My name isn’t Roxana. Till my birth, my parents went with it, but then they saw me, and you know… Things took a different turn. I’m a surviver, in many different ways. 

I survived: strangers, people I knew well, people I loved,  people I trusted, different crashes with Mother Nature, different crashes with roaring mechanical creatures, my own dark notions, a revolution, an exile and redemption. So far, I counted three different worlds collapsing upon me, dragging me down into dust and despair.  

I don’t like talking. Challenges disguise themselves as question, and confusion as answers.

I bleed words so much better than I ever could speak them. So I write…
The abstract concept of language and words unsettles me. I’ve always preferred thinking and answering in pictures… And the picture comes to live. It offers not only the problem, but also the best solution. Visualization is the most precious treasure I got . That’s why I enjoy paintings and poetry so much.

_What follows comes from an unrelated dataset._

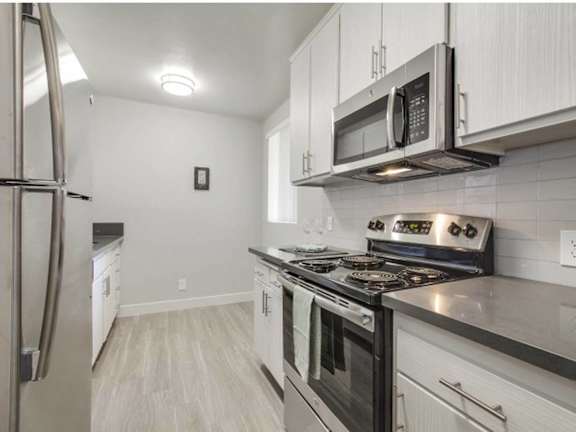 A kitchen with a stove top oven and a microwave above it.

My skin is painted with prayers. All of them are prayers for others.

Others are present, but I’m often missing.

I’m constantly searching, therefore I’m bound to doubt everything. Truth is something I hoped to find, instead I found mistrust and abysses, in me, in others, the world.

I’m a good kisser. I got big olive brown eyes, with a distinct expression of distance. That’s because I’m always daydreaming… Even when I should pay attention. I can’t seem to keep myself together.  Always trickling away into the future, or the past… Or somewhere else… Never completely present.